Firstly, it assumes Volvo is not sharing the parameters of the system. It
seems unlikely that Uber is installing an automated driving system into these
cars without the cooperation of Volvo, especially with the agreement to
ultimately get 24,000 autonomous-system-equipped cars from them.

Secondly, if Uber could instead determine what it wants to know about the
parameters by testing, then the question is irrelevant, as are the semantics.

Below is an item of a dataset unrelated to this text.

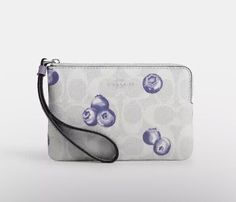 New with tags Coach Corner Zip Wristlet with Blueberry Print Silver/Chalk/Light Violet Style Number: CR817 Length: 6.25" Height: 4.0" Width: 0.5" Printed coated canvas and recycled leather Wrist strap attached Two credit card slots Zip-top closing Will ship with care. Ships from smoke/pet free home. Feel free to ask any questions. Thanks for looking. Blueberry Design, Blueberry Print, Coach Logo, Blue Color Schemes, Coach Wallet, Wristlet Keychain, Coach Wristlet, Signature Canvas, Recycled Leather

Thirdly, it is presumably safe for humans to be driving cars without knowing
the exact parameters, and so should not present any particular problem for the
autonomous system - if the emergency brakes are triggered, it is likely to be
a situation in which it is the right thing to happen, and possibly a result of
the autonomous system failing. Just as for human drivers, an autonomous system
is expected to usually stay within the parameters of the emergency system,
without reference to those parameters, just by driving correctly. For example,
if the emergency brakes come on to stop the car from hitting a pedestrian
because the autonomous system failed to correctly identify the danger, what
difference would it have made if the system knew the exact parameters of the
emergency braking system?

Lastly, the road is an environment with a lot of uncertainty and
unpredictability. If the system is so fragile that the tiny amount of
uncertainty of not knowing the exact parameters of the automatic braking
system raises safety concerns, then it is nowhere near being a system with the
flexibility to drive safely.

It is possible that a competent autonomous driving system might supplant the
current emergency braking system, in which case the way to proceed is to
demonstrate it in the way I outlined in the last paragraph of my previous
post.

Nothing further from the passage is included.